🤖 AI Summary
Existing methods for evaluating transferability in 3D medical image segmentation rely on time-consuming fine-tuning, which struggles to meet the stringent demands for boundary precision and anatomical consistency. This work proposes the first fine-tuning-free, topology-driven framework that aligns sparse features with semantic labels via minimum spanning trees (MSTs). It assesses transferability at dual scales—local boundary token separability (LBTC) and global representation topological divergence (GRTD)—and incorporates a task-adaptive gated fusion mechanism. Theoretically, we prove that the MST leakage rate constitutes a finite-sample lower bound of the Bayes error and reveal that randomly initialized decoders stabilize topological alignment.

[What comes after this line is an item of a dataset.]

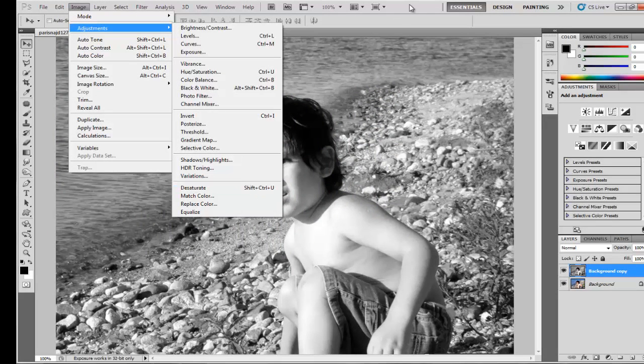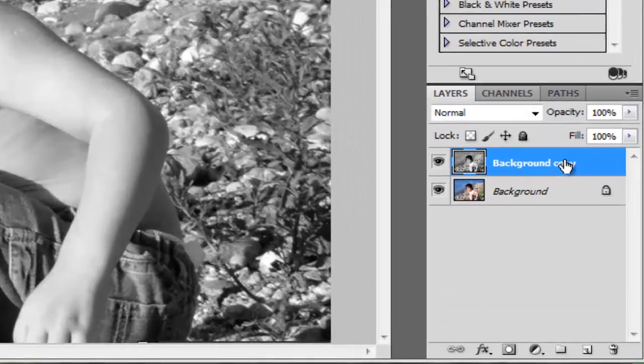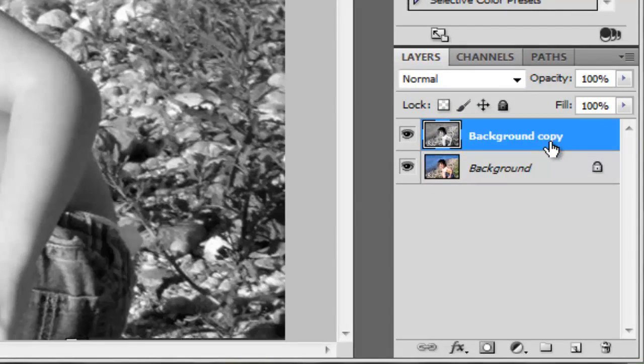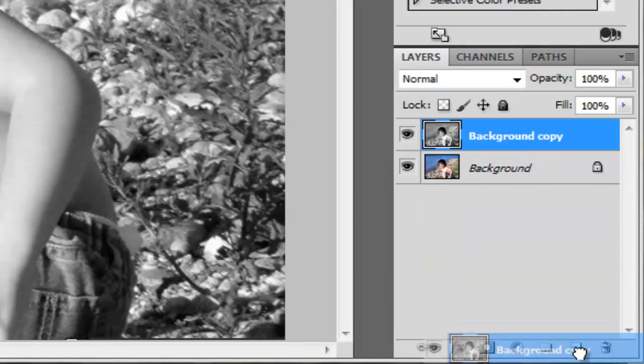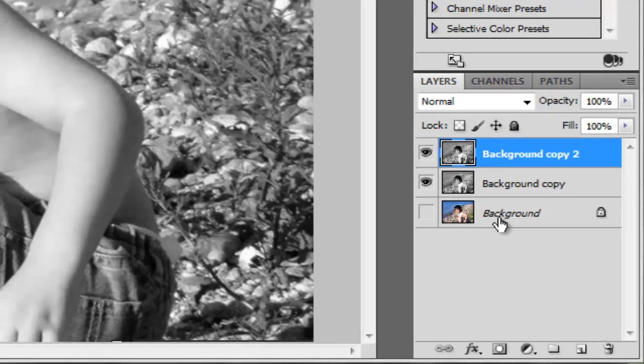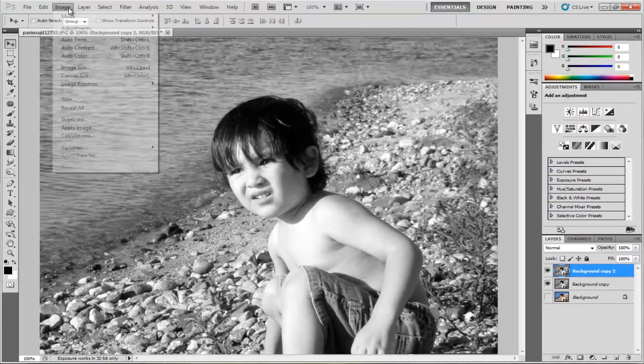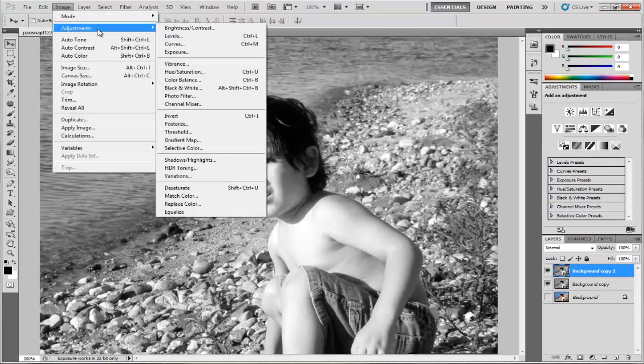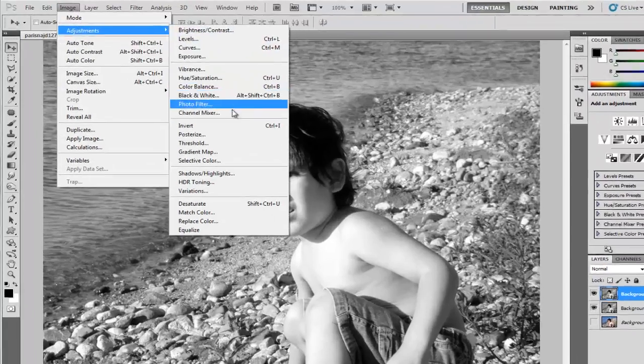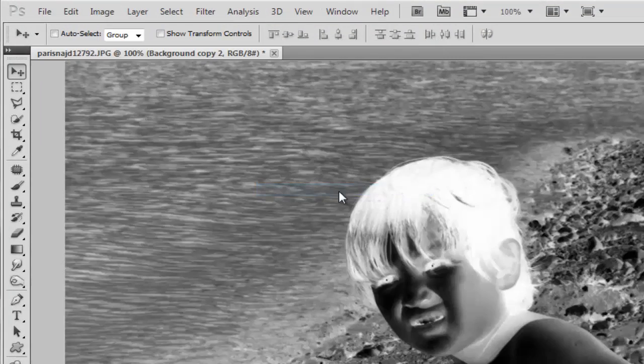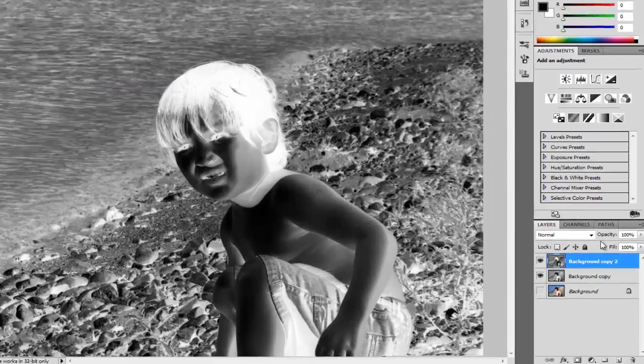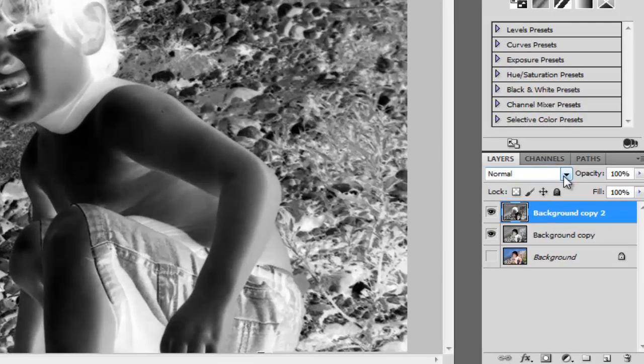Duplicate the layer again. Be sure that you have now three layers. You can hide the background; we will not use it in this tutorial. Go to Image, Adjustments, Invert.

Evaluated on a large-scale benchmark encompassing 114,000 3D medical images, our method achieves state-of-the-art performance, improving the weighted Kendall metric by 0.36 on average and accelerating evaluation by 56×.
📝 Abstract
The growing number of medical vision foundation models highlights the need for effective model selection. However, mainstream selection methods rely on exhaustive fine-tuning, which is computationally expensive. Most of the existing Transferability Estimation (TE) metrics are primarily designed for image-level classification. They fail to preserve spatial relationships and fine-grained boundary details, which are crucial for the segmentation task. Additionally, while image-level tasks typically process a single feature vector per input, dense prediction tasks in 3D medical imaging require voxel-wise evaluation against dense annotations. To bridge these gaps, we propose a \textit{non-parametric, topology-driven} framework that estimates transferability directly from the alignment between the sparse 1-skeleton graph of dense features and semantic labels via Minimum Spanning Trees (MST). We decouple the alignment into two complementary geometric scales: Local Boundary-Aware Topological Consistency (LBTC) to assess boundary separability, where we prove that the MST leakage rate serves as a finite-sample lower bound on the Bayes error; and Global Representation Topology Divergence (GRTD) to evaluate the overall anatomical layout. Crucially, we formally justify a counterintuitive mechanism: Although without fine-tuning, the randomly initialized segmentation decoder acts as a topology-preserving spatial projector, reducing the variance of pairwise distance estimates and stabilizing global alignment evaluation. Fused via a task-adaptive gating mechanism, these dual metrics adapt to diverse clinical complexities. Evaluated on a large-scale benchmark of 114,000 3D medical volumes across diverse anatomical tasks, our topological framework achieves state-of-the-art transferability estimation with an average weighted Kendall (outperforming by 0.36) while accelerating evaluation by 56 times.